Zdarzenie miało miejsce w poniedziałek, 28 kwietnia, czoraj gliwicka policja przyjęła zgłoszenie o uszkodzeniu samochodu marki Renault Kadjar, zaparkowanego na osiedlu zamieszkiwanym przez właściciela auta i jego rodzinę. Mężczyzna, którego firma leasinguje pojazd, odkrył, że samochód został zniszczony – ktoś pomalował go farbą oraz prawdopodobnie przebił opony. Na miejsce zdarzenia pojechał patrol. Wniosek o ściganie sprawcy został wysłany we wtorek, 28 kwietnia, drogą mailową. Sprawę prowadzą policjanci z I Komisariatu Policji w Gliwicach.
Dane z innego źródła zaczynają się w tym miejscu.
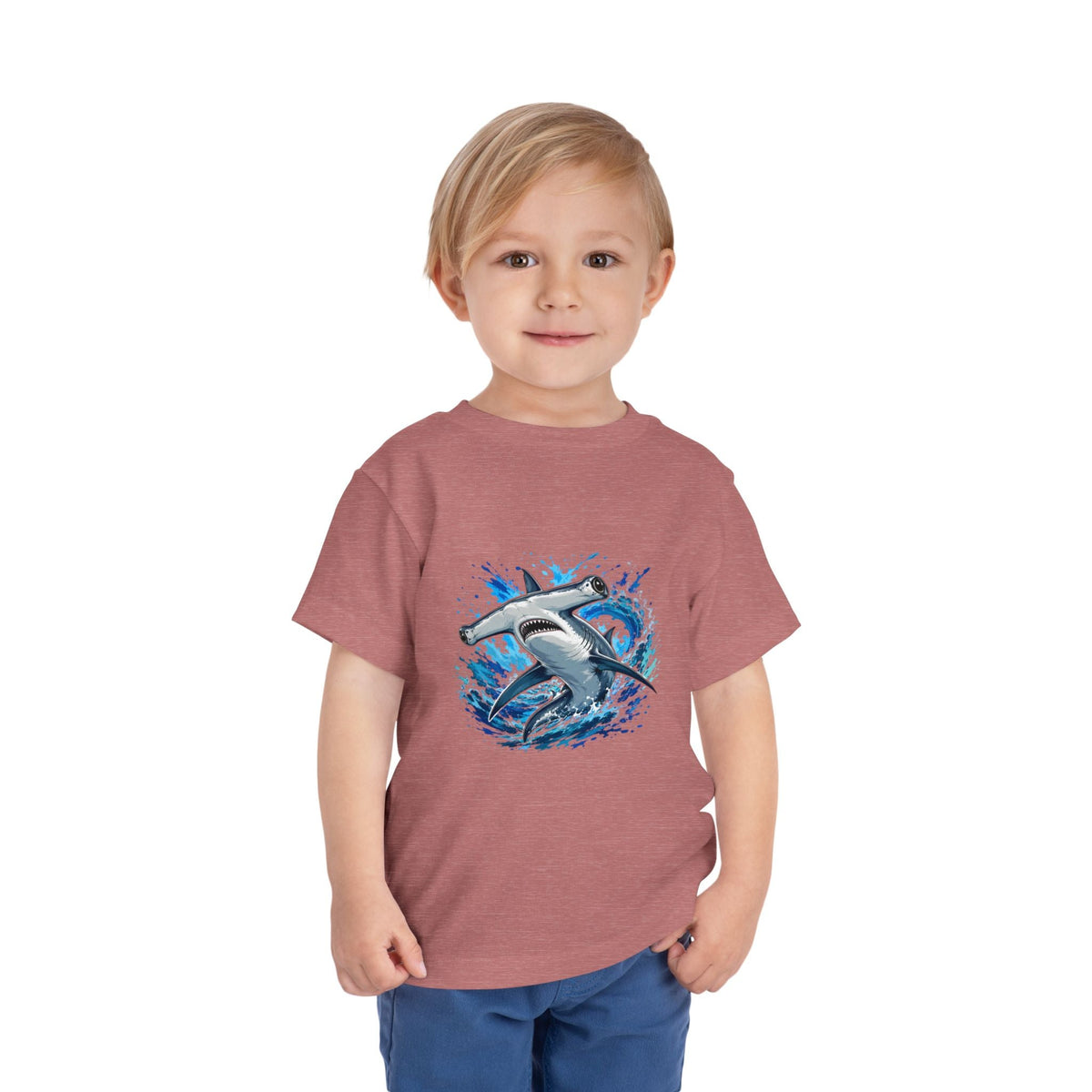 Toddler Shark T-Shirt – Playful Hammerhead Splash Tee for Kids - Front Patch Kids Co.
Oględziny wykażą, czy ciecz, którą pomalowano białe auto, trwale uszkodziła jego powłokę. Ustalone zostanie również, czy doszło do strat materialnych w ogumieniu (wstępne oględziny nie wykazały przecięcia powłoki opon). Leasingowany pojazd został już odstawiony do serwisu. Wobec pojawiających się spekulacji i opinii o powodzie zajścia gliwicka policja podkreśla, że na tę chwilę jest zdecydowanie za wcześnie, by podawać jakąkolwiek z możliwych hipotez co do motywów działania sprawcy. W tej sytuacji działanie sprawcy wyczerpuje znamiona czynu określonego jako zniszczenie mienia. Jakie były dokładne okoliczności zdarzenia, wykaże postępowanie. Niewykluczone, że kwalifikacja prawna czynu może się zmienić, jeśli w toku postępowania wyjdą na jaw potwierdzone fakty, iż zachowanie sprawcy było motywowane nienawiścią.
Policja zwraca się z prośbą o pomoc do osób, które mogły coś widzieć lub mają podejrzenia, kto dopuścił się opisanego czynu. Informacje można przekazywać też anonimowo za pośrednictwem policyjnej strony internetowej.